Lenwade is a village in the civil parish of Great Witchingham, Norfolk, situated in the Wensum Valley adjacent to the A1067 road  south-east of Fakenham and some  north-west of Norwich. The River Ainse (or Eyn) joins the Wensum at Lenwade. In 2001 it had a population of 464.

Etymology

The name may mean 'ford of the slowly moving river'. The first element possibly means lane in the Scottish dialect sense of 'scarcely moving river'. The second element of the name is the Old English gewæd (ford).

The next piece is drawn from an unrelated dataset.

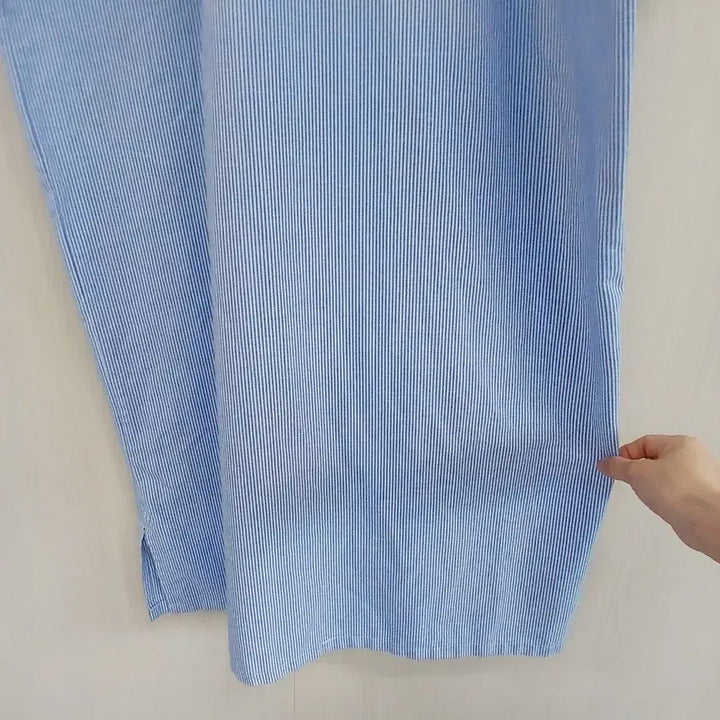 [BUNJANG] Sky Blue Striped Long Shirt Dress / 스트라이프 셔츠 롱원피스 하늘색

Industry and the local economy 

Much of the surrounding land is given over to agriculture. However, due to its geographical location Lenwade became the centre of the sand and gravel extraction and the manufacturing of concrete products in the Wensum valley during the middle to late 20th century. The legacy of this activity can be seen in the many flooded gravel pits in the area. Today, these now mature lakes are popular with anglers, naturalists and bird watchers.

Industry today is concentrated to the southeast of Lenwade between the A1067 road and the former railway line. Concrete products, metal recycling, joinery and double glazing items are produced in the area.

Local tourist attractions include Roarr! Dinosaur Adventure theme park and the Lenwade country house hotel features in its grounds the only licensed zoological garden in the UK.

The Church of St Faith 
Located on the busy A1067 Fakenham Road, the building started life as a Victorian mission church originally dedicated to All Saints. Despite its central location the church was little used and became redundant. Today, the church is fenced off and planned to become a residential development (July 2008).

Amenities 

Amenities in the village include a village hall, primary school, doctor's surgery, general stores, garage, tea-rooms, butchers, bakers and a fish and chip shop.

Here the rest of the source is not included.